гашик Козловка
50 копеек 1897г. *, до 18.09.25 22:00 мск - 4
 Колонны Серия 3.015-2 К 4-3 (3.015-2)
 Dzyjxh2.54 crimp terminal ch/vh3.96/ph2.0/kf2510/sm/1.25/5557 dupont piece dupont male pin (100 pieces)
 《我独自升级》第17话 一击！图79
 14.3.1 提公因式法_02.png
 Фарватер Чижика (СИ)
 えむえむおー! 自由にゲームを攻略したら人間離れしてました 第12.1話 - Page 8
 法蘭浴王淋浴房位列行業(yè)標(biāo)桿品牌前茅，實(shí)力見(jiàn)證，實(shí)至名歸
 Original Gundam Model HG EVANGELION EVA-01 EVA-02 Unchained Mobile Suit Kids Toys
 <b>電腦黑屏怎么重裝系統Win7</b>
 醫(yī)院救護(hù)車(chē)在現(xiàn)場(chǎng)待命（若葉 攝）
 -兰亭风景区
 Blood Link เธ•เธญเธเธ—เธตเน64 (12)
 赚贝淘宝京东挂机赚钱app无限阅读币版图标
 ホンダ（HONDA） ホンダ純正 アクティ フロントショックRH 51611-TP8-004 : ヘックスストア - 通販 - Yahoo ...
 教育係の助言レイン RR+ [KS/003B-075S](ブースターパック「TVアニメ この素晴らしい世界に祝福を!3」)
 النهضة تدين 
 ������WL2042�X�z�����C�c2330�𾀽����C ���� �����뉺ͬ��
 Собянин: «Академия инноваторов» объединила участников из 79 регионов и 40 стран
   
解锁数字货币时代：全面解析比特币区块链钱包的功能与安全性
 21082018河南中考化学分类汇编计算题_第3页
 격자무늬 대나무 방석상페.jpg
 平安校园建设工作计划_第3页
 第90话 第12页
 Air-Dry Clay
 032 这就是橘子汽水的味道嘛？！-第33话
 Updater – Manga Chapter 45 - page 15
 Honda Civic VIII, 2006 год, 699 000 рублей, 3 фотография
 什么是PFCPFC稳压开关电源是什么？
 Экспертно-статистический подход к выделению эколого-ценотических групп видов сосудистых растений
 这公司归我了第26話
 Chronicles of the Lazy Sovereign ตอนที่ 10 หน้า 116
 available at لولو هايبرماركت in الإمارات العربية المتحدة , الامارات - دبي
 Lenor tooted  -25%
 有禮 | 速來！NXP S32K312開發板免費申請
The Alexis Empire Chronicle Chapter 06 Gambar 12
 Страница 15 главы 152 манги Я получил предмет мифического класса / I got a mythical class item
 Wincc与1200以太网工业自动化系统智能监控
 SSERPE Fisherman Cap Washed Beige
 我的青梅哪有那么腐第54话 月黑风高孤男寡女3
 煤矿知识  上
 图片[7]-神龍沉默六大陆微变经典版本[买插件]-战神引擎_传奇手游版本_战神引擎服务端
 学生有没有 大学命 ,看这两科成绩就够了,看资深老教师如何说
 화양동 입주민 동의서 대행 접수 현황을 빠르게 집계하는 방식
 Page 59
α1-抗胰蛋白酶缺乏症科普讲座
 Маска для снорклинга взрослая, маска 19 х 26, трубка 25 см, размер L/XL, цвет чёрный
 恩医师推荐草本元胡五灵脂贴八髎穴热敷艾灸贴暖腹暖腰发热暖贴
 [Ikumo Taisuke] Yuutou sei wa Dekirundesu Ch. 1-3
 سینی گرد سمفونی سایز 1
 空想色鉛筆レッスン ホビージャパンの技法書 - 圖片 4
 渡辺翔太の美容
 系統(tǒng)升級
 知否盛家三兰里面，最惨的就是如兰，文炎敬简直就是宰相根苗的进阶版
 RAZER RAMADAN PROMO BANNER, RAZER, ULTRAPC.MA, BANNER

- **Requirement**:
Your answer should hold exactly the lines from the one containing "平安校园建设工作计划_第3页" to the last line of the data, both included, and no others.

- **Output below**:
 平安校园建设工作计划_第3页
 第90话 第12页
 Air-Dry Clay
 032 这就是橘子汽水的味道嘛？！-第33话
 Updater – Manga Chapter 45 - page 15
 Honda Civic VIII, 2006 год, 699 000 рублей, 3 фотография
 什么是PFCPFC稳压开关电源是什么？
 Экспертно-статистический подход к выделению эколого-ценотических групп видов сосудистых растений
 这公司归我了第26話
 Chronicles of the Lazy Sovereign ตอนที่ 10 หน้า 116
 available at لولو هايبرماركت in الإمارات العربية المتحدة , الامارات - دبي
 Lenor tooted  -25%
 有禮 | 速來！NXP S32K312開發板免費申請
The Alexis Empire Chronicle Chapter 06 Gambar 12
 Страница 15 главы 152 манги Я получил предмет мифического класса / I got a mythical class item
 Wincc与1200以太网工业自动化系统智能监控
 SSERPE Fisherman Cap Washed Beige
 我的青梅哪有那么腐第54话 月黑风高孤男寡女3
 煤矿知识  上
 图片[7]-神龍沉默六大陆微变经典版本[买插件]-战神引擎_传奇手游版本_战神引擎服务端
 学生有没有 大学命 ,看这两科成绩就够了,看资深老教师如何说
 화양동 입주민 동의서 대행 접수 현황을 빠르게 집계하는 방식
 Page 59
α1-抗胰蛋白酶缺乏症科普讲座
 Маска для снорклинга взрослая, маска 19 х 26, трубка 25 см, размер L/XL, цвет чёрный
 恩医师推荐草本元胡五灵脂贴八髎穴热敷艾灸贴暖腹暖腰发热暖贴
 [Ikumo Taisuke] Yuutou sei wa Dekirundesu Ch. 1-3
 سینی گرد سمفونی سایز 1
 空想色鉛筆レッスン ホビージャパンの技法書 - 圖片 4
 渡辺翔太の美容
 系統(tǒng)升級
 知否盛家三兰里面，最惨的就是如兰，文炎敬简直就是宰相根苗的进阶版
 RAZER RAMADAN PROMO BANNER, RAZER, ULTRAPC.MA, BANNER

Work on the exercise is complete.